● **THE INPUT**:
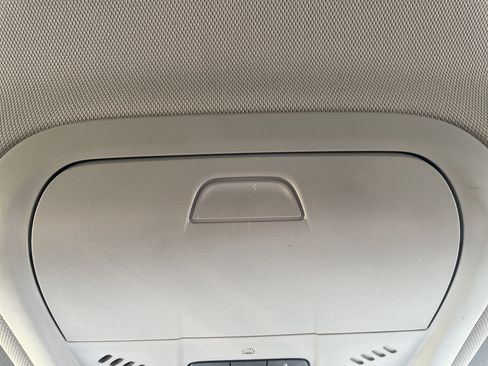 Used 2018 Chevrolet Equinox LT FWD image 38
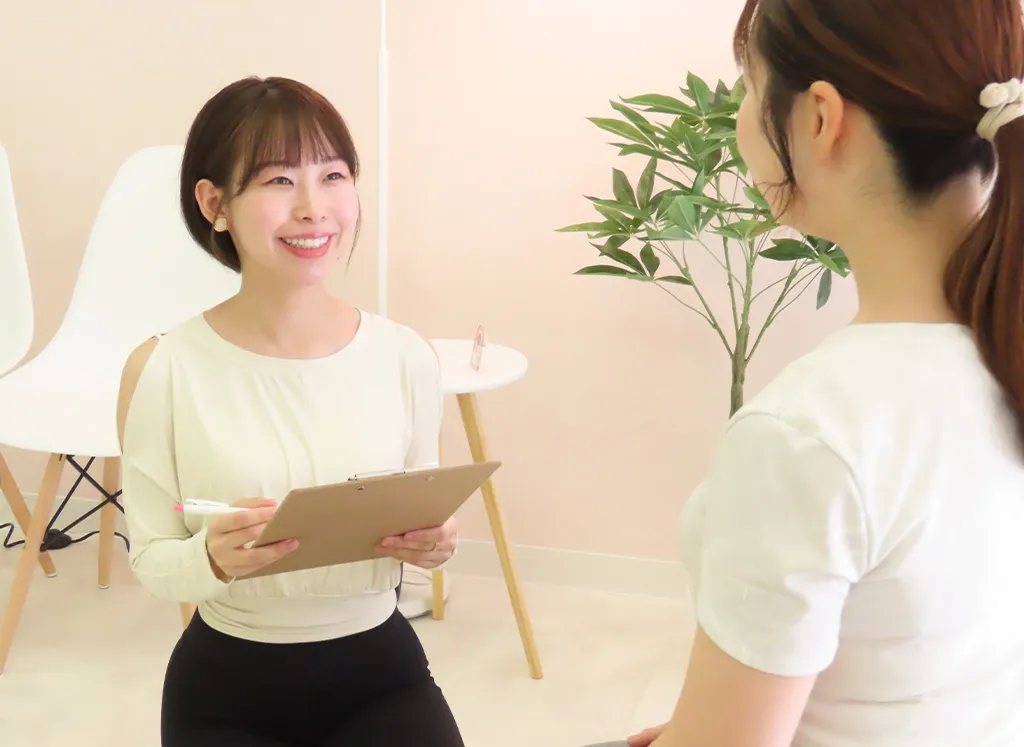お客様と向き合いながらカウンセリングを行うI Bloom代表 道見 琴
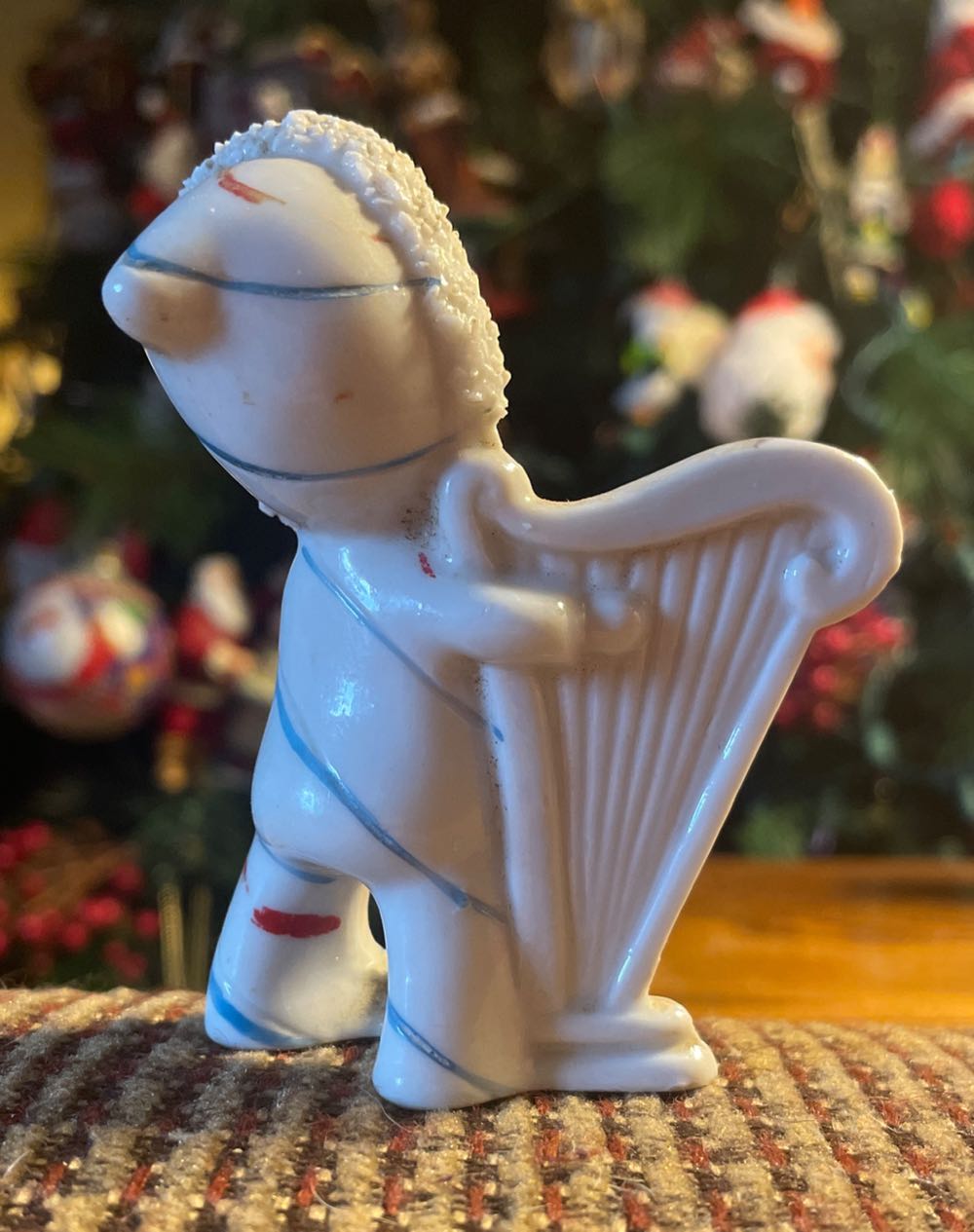 Japan - Spaghetti Trim - Striped Child Playing Harp - Spagetti Trim (Figurine) ornament collectible - Main Image 2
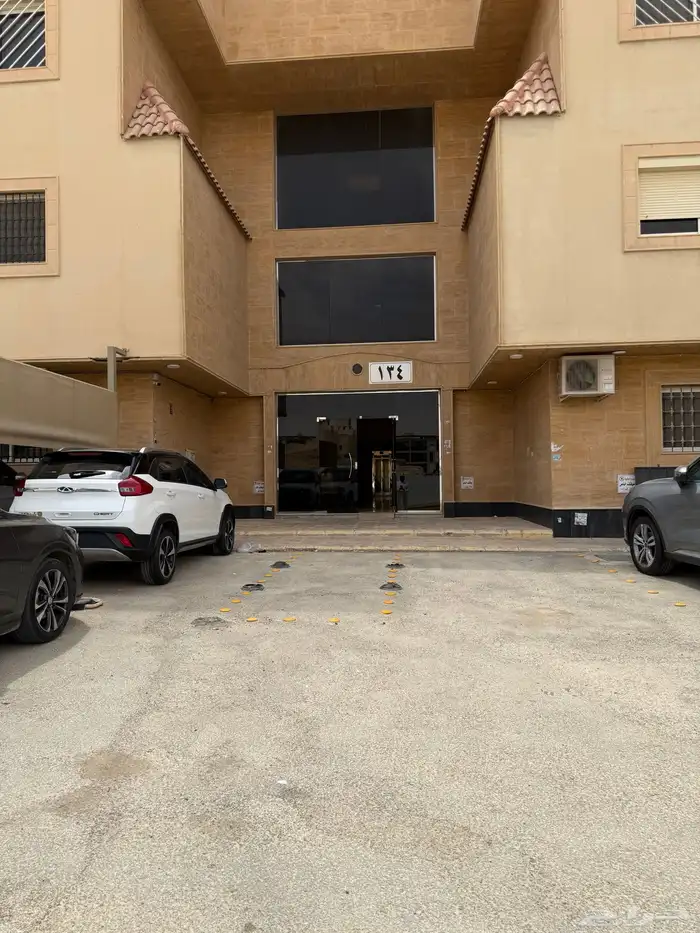 شقة للإيجار دورين ( Apartment For Rent ) 1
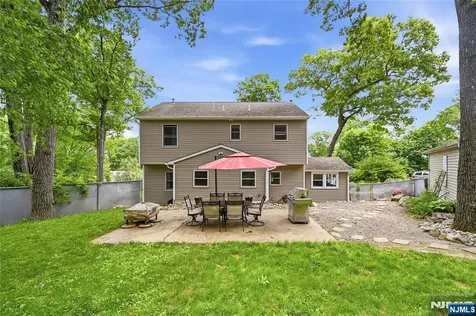 13 Highview Trail Jefferson Township NJ 07885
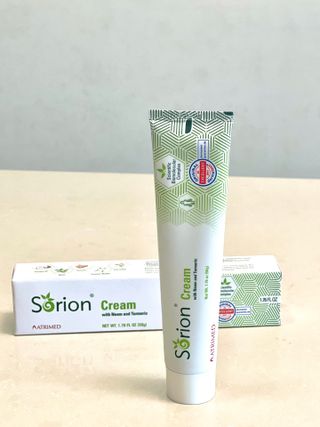 건선/아토/습진/민감성 피부 천연보습진정크림 소리온 크림 & 센시티브 크림 50g — 4.5점을 준 리뷰어가 2022년 2월 올린 사용 사진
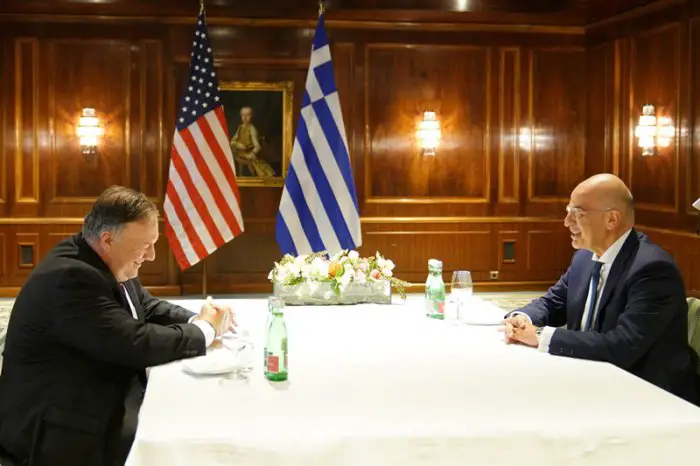 Unser Archivfoto (© Eurokinissi) entstand während einer Begegnung zwischen Griechenlands Außenminister Nikos Dendias (r.) und seinem US-Amtskollegen Mike Pompeo am 14. August 2020 in Wien. 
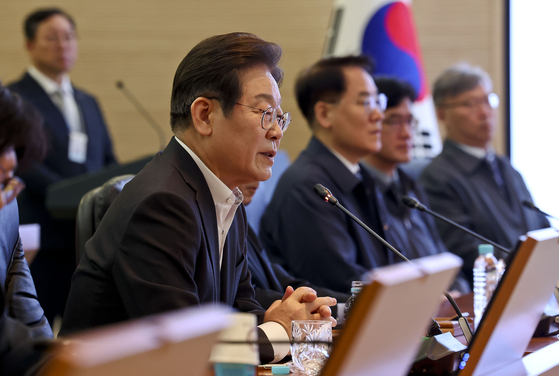 Lee Jae-myung, a Democratic Party candidate in the presidential primary, speaks during an on-site discussion at the Agency for Defense Development in Yuseong District, Daejeon, on April 17. [YONHAP]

● **BRIEF**: The exact lines from the one containing "お客様と向き合いながらカウンセリングを行うI Bloom代表 道見 琴" through the end of the data are to be copied, with both ends kept and pictures left out.

● **WRITTEN REPLY**:
お客様と向き合いながらカウンセリングを行うI Bloom代表 道見 琴
 Japan - Spaghetti Trim - Striped Child Playing Harp - Spagetti Trim (Figurine) ornament collectible - Main Image 2
 شقة للإيجار دورين ( Apartment For Rent ) 1
 13 Highview Trail Jefferson Township NJ 07885
 건선/아토/습진/민감성 피부 천연보습진정크림 소리온 크림 & 센시티브 크림 50g — 4.5점을 준 리뷰어가 2022년 2월 올린 사용 사진
 Unser Archivfoto (© Eurokinissi) entstand während einer Begegnung zwischen Griechenlands Außenminister Nikos Dendias (r.) und seinem US-Amtskollegen Mike Pompeo am 14. August 2020 in Wien. 
 Lee Jae-myung, a Democratic Party candidate in the presidential primary, speaks during an on-site discussion at the Agency for Defense Development in Yuseong District, Daejeon, on April 17. [YONHAP]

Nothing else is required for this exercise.